Jason Kidd knows this NBA playoff series is a piece of cake for Dallas Mavericks guard Jalen Brunson.
Twice during a three-year span while playing for Villanova, Brunson helped lead the Wildcats to the NCAA championship. The second time, in 2018, not only was Brunson the best player in the NCAA tournament, he also was a consensus All-American and the best player in college basketball.
In other words, Brunson was all that and a bag of championships.
“What I really respect about JB is he’s always been questioned at every level – high school, college – and he’s always found a way to win,” Kidd said. “You need those type of players on your team for the environment.
“If you’re trying to win a championship you need a JB on there to help that. He’s been doubted here in the league, and he’s had success and I think he’s proven a lot of people wrong.”
As the Mavs prepare for Game 1 of their best-of-seven first-round playoff series against the Utah Jazz – tipoff is Saturday at noon at American Airlines Center – Brunson said his mentality and focus will stay the same no matter if people continue to doubt his capabilities.
“The game plan and execution and all of that staff changes a little bit,” Brunson said. “One thing I try and think about is that this is still basketball, this is still fun.”
The mitigating circumstances that come with a loss doesn’t even enter Brunson’s mind.

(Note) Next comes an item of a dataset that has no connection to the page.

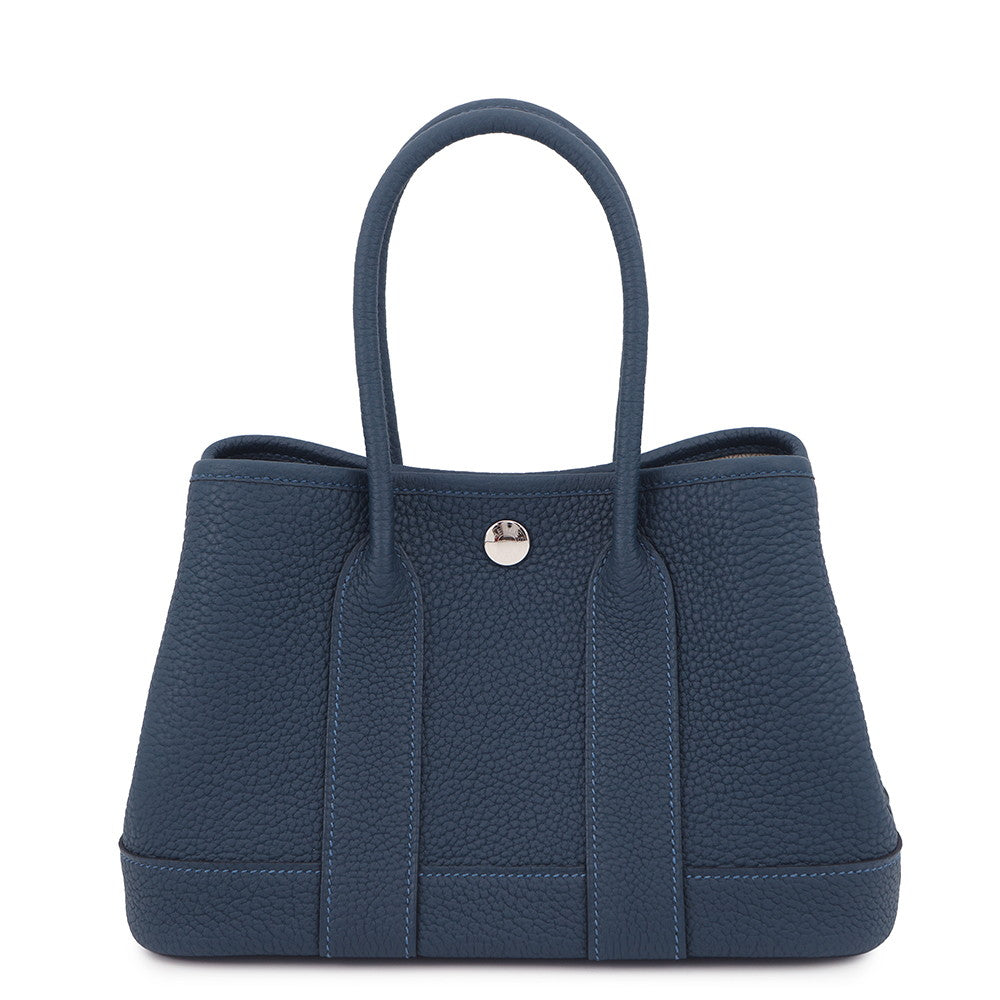 HERMES Neo Garden Blue de Prusse Negonda Leather Size 23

“More is at stake,” he said. “I don’t really consider the pressure. I try and blurt out the added distractions when it comes to the playoffs, but I’m just really excited for this opportunity.
“I’m not really too worried about putting pressure on myself. I don’t see it as pressure. I see it as an opportunity.”
From Brunson’s perspective, if he prepares properly and gets mentally ready to handle whatever Utah throws at him, he knows the results should be what he wants them to be.
“I have the perfect people around me,” Brunson said. “I have great teammates, I have a great coaching staff, and they’re going to put us in position to be successful.
“Us, together as a team, we give each other confidence to go out there and make plays.”
This season has been all about an opportunity for Brunson. He started off this season being a resourceful commodity off the bench for the Mavs, but wound up starting 61 of the 79 games he played in.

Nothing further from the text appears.